Wednesday, September 08, 2010

New York City: Going "Republican Red" ???

OK, well, it's as close to being a red state as the New York Mets are to winning the National League East, but they're still closer than the Washington Nationals are. And sometimes you have to take your solace in increments.

Michael Goodwin from the New York Post surveys the landscape:

In political and some cultural ways, New Yorkers are starting to act like their fellow Americans instead of aliens from a liberal planet. Hallelujah.

City and state voters increasingly express more centrist, even conservative views on hot-button issues. If you really want to get into an argument on the Upper West Side, go ahead and call these views the urban twin of heartland values.

On the Ground Zero mosque, as many as 70 percent of New Yorkers think it should be moved away from that hallowed ground. That is almost identical to the national view, a rebuke to both Mayor Bloomberg and President Obama, who support building the mosque on the provocative site the developers picked.

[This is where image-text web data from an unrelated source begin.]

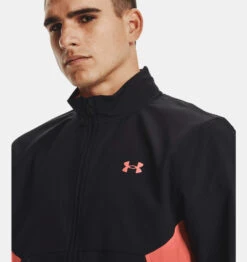 Under Armour Storm Windstrike Full Zip - Svart/Rød - Vindjakke -Butikk Garmin UA Windstrike FullZip BLK 7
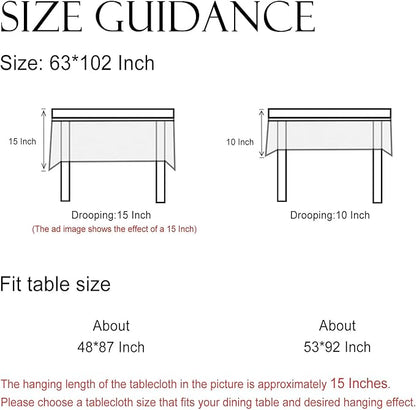 ISAENNE Designer Linen Elegant Long Tablecloth Rectangular,Colorful Floral Bohemian Table Cloth,Wrinkle Resistant Decor Tablecloths for Dining Thanksgiving Kitchen,63"*102"-Floralsea A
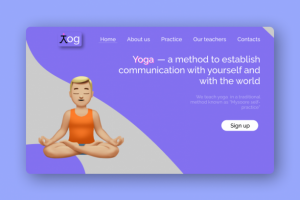 Дизайн лендинга "Yog"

City voters also are shedding their liberal skins on term limits, with nearly 75 percent telling The New York Times they want the mayor and members of the City Council to be limited to eight years. Anger at the way Bloomberg and the supine council overturned two public referendums setting the limits so they could stay in office is clearly part of the current mood.

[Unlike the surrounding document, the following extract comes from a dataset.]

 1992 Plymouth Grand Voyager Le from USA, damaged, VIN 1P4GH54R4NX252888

That's precisely the point. Just as voters across the nation are rebelling against the Big Government elite that rewards itself and its friends, New Yorkers are mad as hell for the same reasons.

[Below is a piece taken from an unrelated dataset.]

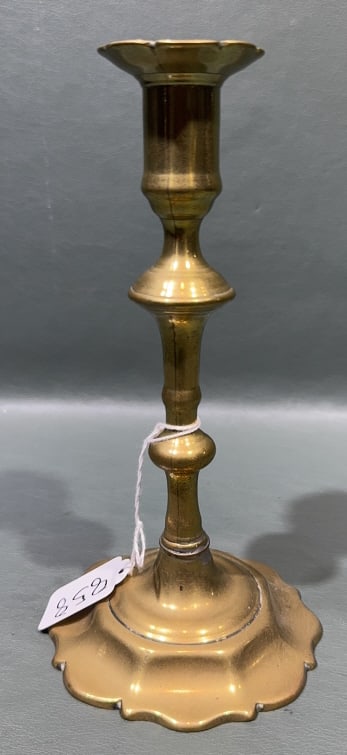 ANTIQUE QUEEN ANNE PERIOD CANDLESTICK (1 of 3)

Their ever-rising tax bills for declining services, even as their incomes stagnate, are Exhibit A of the failure of government to really represent the majority
. The kowtowing to selfish interests, especially public unions, is bankrupting the state and making the city unaffordable....


Unfortunately, the New York Republican organization is a limp, flaccid, lifeless party, unable to stand even when it should be aroused by the exciting possibilities all around it. Otherwise Kristen Gillibrand's Senate seat would be in the process of being pulled out from under her...


Still, nature abhors a vacuum. Let the big-city Republican revolution begin!